Fred Dawes

Personal information
- Full name: Frederick W. Dawes
- Date of birth: 2 May 1911
- Place of birth: Frimley Green, England
- Date of death: 12 August 1989 (aged 78)
- Place of death: Shirley, England
- Height: 5 ft 8 in (1.73 m)
- Position(s): Defender

Youth career
- ?–1929: Aldershot

Senior career*
- Years: Team / Apps / (Gls)
- 1929–1936: Northampton Town / 162 / (1)
- 1936–1950: Crystal Palace / 223 / (1)
- Beckenham Town
- Total:  / 385 + / (2 +)

Managerial career
- 1950–1951: Crystal Palace (Joint manager, with Charlie Slade)

= Fred Dawes =

English footballer and manager (1911–1989)

Frederick W. Dawes (2 May 1911 – 12 August 1989) was an English professional footballer who played in the Football League as a defender for Northampton Town and Crystal Palace. He also managed Crystal Palace and was the younger brother of Albert Dawes, who also played professionally for Crystal Palace and Northampton.

==Playing career==
Dawes began his youth career with Aldershot and, in 1929, signed for Northampton Town, where his older brother Albert was also a player. Between then and 1936, Dawes made 162 League appearances for the club, scoring once.

In February 1936, Dawes signed for Crystal Palace, once again re-joining his older brother who had moved to Palace in 1933, and immediately established himself in the side being ever-present for the remainder of that season and throughout the 1936–37 season. Dawes went on to make a total of 223 Football League appearances for Palace before being forced to retire as a player, through injury, during the 1949–50 season. Dawes career was notable in that he completed a century of appearances for Crystal Palace either side of World War II.

==Managerial career==
After retiring as a player, Dawes was appointed as assistant to then Crystal Palace manager Ronnie Rooke. Despite a reasonably successful 1949–50 season and a number of close-season signings, the club had a very poor start to the 1950–51 season. In November 1950, Rooke was relieved of his position and Dawes was appointed as joint-manager, together with chief scout Charlie Slade. However, the partnership was unable to improve upon the season start and the club had to seek re-election in 1951. The 1951–52 season also began poorly and Dawes and Slade were dismissed in October.

==Later career==
Dawes was reinstated as an amateur by the Football Association after leaving Crystal Palace and went on to play for Beckenham Town. After leaving football altogether, Dawes became a shopkeeper.

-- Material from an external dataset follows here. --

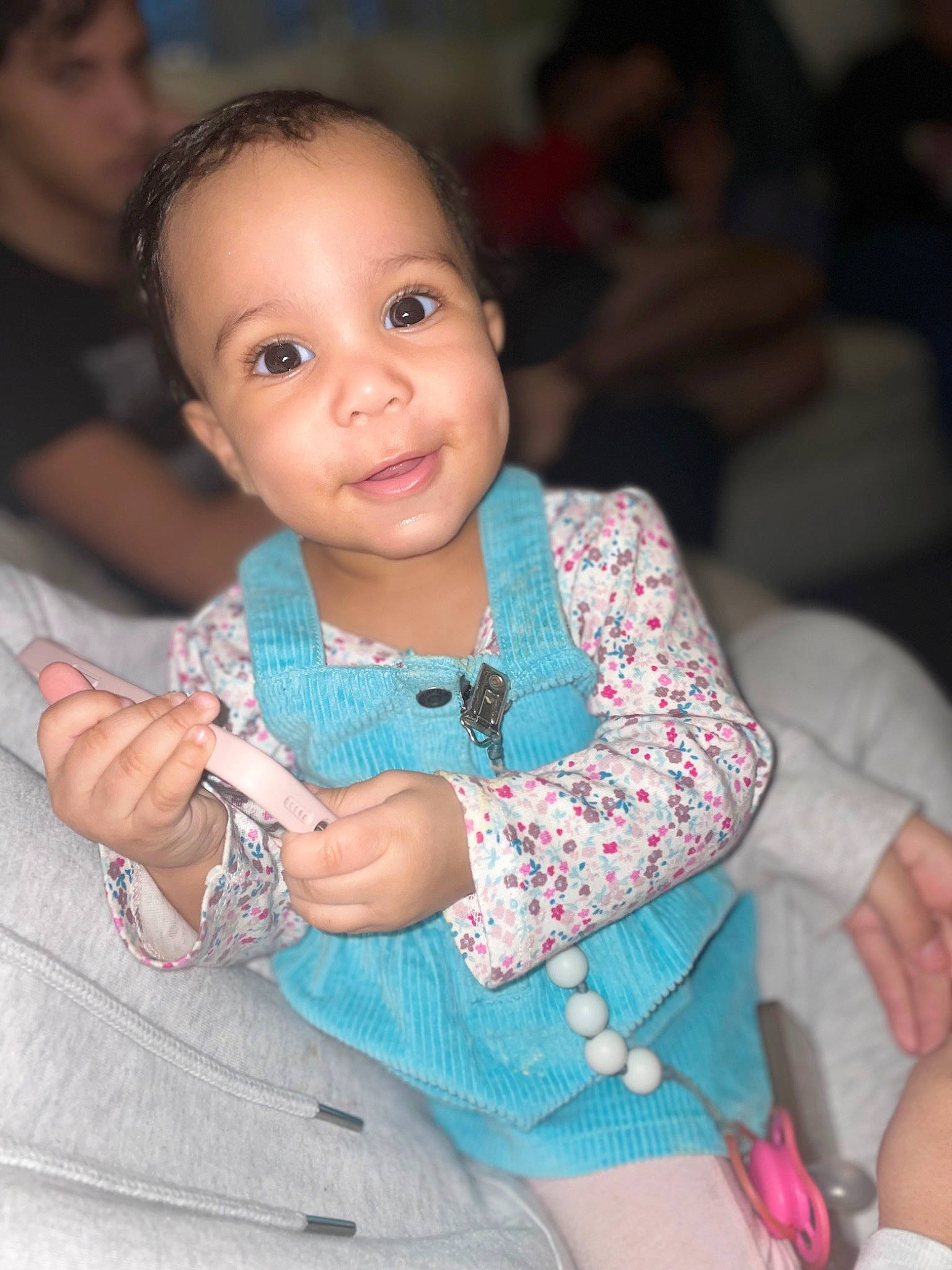 Soraya is registered to the contest to win money with this photo: baby_toddler_clothing, cheek, chin, eye, face, finger, gesture, hair, hand, happy, head, iris, joy, lip, mammal, mouth, nose, organ, person, pink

He managed Croydon Amateurs FC in their first two seasons, 1953–54 and 1954–55, taking them to the Surrey Senior League Cup and Charity Cup Finals in that inaugural season. After a poor second campaign, he resigned when Chelsea's John Harris was appointed coach without his knowledge.

Fred Dawes died on 12 August 1989 in Shirley, Surrey, aged 78.